Activity -
What you return should be every record, retyped without a single change.

Source records -
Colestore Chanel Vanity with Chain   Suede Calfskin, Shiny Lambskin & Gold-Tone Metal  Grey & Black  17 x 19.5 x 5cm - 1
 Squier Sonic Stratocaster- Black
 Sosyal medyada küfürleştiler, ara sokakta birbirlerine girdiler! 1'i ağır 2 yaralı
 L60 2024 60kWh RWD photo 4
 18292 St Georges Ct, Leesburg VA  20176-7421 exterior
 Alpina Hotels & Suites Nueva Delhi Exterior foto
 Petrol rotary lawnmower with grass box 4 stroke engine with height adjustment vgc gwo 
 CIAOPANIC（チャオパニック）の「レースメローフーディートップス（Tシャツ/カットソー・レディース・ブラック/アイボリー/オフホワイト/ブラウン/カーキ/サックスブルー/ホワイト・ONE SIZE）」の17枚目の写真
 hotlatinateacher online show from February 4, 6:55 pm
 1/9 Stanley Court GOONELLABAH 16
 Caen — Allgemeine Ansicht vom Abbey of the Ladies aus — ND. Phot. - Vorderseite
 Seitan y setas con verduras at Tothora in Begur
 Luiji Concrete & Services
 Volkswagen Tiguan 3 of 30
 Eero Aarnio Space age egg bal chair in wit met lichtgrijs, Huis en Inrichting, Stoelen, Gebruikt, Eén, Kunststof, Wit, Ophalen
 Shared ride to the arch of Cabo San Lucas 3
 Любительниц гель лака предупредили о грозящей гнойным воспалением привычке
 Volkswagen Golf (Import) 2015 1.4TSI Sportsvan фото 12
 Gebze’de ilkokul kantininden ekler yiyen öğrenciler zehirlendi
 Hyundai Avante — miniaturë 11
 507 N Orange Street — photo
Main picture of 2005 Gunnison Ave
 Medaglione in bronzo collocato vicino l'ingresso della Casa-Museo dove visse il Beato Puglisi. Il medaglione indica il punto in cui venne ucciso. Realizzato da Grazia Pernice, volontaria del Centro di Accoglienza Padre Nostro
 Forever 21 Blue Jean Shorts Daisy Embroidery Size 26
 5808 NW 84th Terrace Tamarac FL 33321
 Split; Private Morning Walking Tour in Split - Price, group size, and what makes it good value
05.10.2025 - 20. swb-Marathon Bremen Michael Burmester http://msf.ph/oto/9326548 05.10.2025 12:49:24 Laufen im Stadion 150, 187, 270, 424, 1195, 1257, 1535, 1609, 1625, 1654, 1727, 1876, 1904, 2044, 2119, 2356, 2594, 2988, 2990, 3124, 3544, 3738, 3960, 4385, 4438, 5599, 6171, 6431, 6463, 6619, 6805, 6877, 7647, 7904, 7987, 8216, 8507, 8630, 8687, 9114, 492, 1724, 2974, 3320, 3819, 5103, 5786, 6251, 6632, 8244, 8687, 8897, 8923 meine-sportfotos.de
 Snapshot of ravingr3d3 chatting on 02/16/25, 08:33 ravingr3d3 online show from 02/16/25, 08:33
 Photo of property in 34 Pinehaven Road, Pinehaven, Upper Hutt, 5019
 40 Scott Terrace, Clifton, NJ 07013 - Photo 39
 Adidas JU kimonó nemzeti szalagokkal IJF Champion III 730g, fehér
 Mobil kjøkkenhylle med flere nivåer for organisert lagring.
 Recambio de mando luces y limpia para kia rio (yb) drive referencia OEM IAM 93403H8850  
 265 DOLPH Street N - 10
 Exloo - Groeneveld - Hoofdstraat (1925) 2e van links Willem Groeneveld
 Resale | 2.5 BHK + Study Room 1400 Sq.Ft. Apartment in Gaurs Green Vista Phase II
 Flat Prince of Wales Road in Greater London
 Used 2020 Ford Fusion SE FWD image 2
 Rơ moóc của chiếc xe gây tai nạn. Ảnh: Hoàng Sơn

Output below -
Colestore Chanel Vanity with Chain   Suede Calfskin, Shiny Lambskin & Gold-Tone Metal  Grey & Black  17 x 19.5 x 5cm - 1
 Squier Sonic Stratocaster- Black
 Sosyal medyada küfürleştiler, ara sokakta birbirlerine girdiler! 1'i ağır 2 yaralı
 L60 2024 60kWh RWD photo 4
 18292 St Georges Ct, Leesburg VA  20176-7421 exterior
 Alpina Hotels & Suites Nueva Delhi Exterior foto
 Petrol rotary lawnmower with grass box 4 stroke engine with height adjustment vgc gwo 
 CIAOPANIC（チャオパニック）の「レースメローフーディートップス（Tシャツ/カットソー・レディース・ブラック/アイボリー/オフホワイト/ブラウン/カーキ/サックスブルー/ホワイト・ONE SIZE）」の17枚目の写真
 hotlatinateacher online show from February 4, 6:55 pm
 1/9 Stanley Court GOONELLABAH 16
 Caen — Allgemeine Ansicht vom Abbey of the Ladies aus — ND. Phot. - Vorderseite
 Seitan y setas con verduras at Tothora in Begur
 Luiji Concrete & Services
 Volkswagen Tiguan 3 of 30
 Eero Aarnio Space age egg bal chair in wit met lichtgrijs, Huis en Inrichting, Stoelen, Gebruikt, Eén, Kunststof, Wit, Ophalen
 Shared ride to the arch of Cabo San Lucas 3
 Любительниц гель лака предупредили о грозящей гнойным воспалением привычке
 Volkswagen Golf (Import) 2015 1.4TSI Sportsvan фото 12
 Gebze’de ilkokul kantininden ekler yiyen öğrenciler zehirlendi
 Hyundai Avante — miniaturë 11
 507 N Orange Street — photo
Main picture of 2005 Gunnison Ave
 Medaglione in bronzo collocato vicino l'ingresso della Casa-Museo dove visse il Beato Puglisi. Il medaglione indica il punto in cui venne ucciso. Realizzato da Grazia Pernice, volontaria del Centro di Accoglienza Padre Nostro
 Forever 21 Blue Jean Shorts Daisy Embroidery Size 26
 5808 NW 84th Terrace Tamarac FL 33321
 Split; Private Morning Walking Tour in Split - Price, group size, and what makes it good value
05.10.2025 - 20. swb-Marathon Bremen Michael Burmester http://msf.ph/oto/9326548 05.10.2025 12:49:24 Laufen im Stadion 150, 187, 270, 424, 1195, 1257, 1535, 1609, 1625, 1654, 1727, 1876, 1904, 2044, 2119, 2356, 2594, 2988, 2990, 3124, 3544, 3738, 3960, 4385, 4438, 5599, 6171, 6431, 6463, 6619, 6805, 6877, 7647, 7904, 7987, 8216, 8507, 8630, 8687, 9114, 492, 1724, 2974, 3320, 3819, 5103, 5786, 6251, 6632, 8244, 8687, 8897, 8923 meine-sportfotos.de
 Snapshot of ravingr3d3 chatting on 02/16/25, 08:33 ravingr3d3 online show from 02/16/25, 08:33
 Photo of property in 34 Pinehaven Road, Pinehaven, Upper Hutt, 5019
 40 Scott Terrace, Clifton, NJ 07013 - Photo 39
 Adidas JU kimonó nemzeti szalagokkal IJF Champion III 730g, fehér
 Mobil kjøkkenhylle med flere nivåer for organisert lagring.
 Recambio de mando luces y limpia para kia rio (yb) drive referencia OEM IAM 93403H8850  
 265 DOLPH Street N - 10
 Exloo - Groeneveld - Hoofdstraat (1925) 2e van links Willem Groeneveld
 Resale | 2.5 BHK + Study Room 1400 Sq.Ft. Apartment in Gaurs Green Vista Phase II
 Flat Prince of Wales Road in Greater London
 Used 2020 Ford Fusion SE FWD image 2
 Rơ moóc của chiếc xe gây tai nạn. Ảnh: Hoàng Sơn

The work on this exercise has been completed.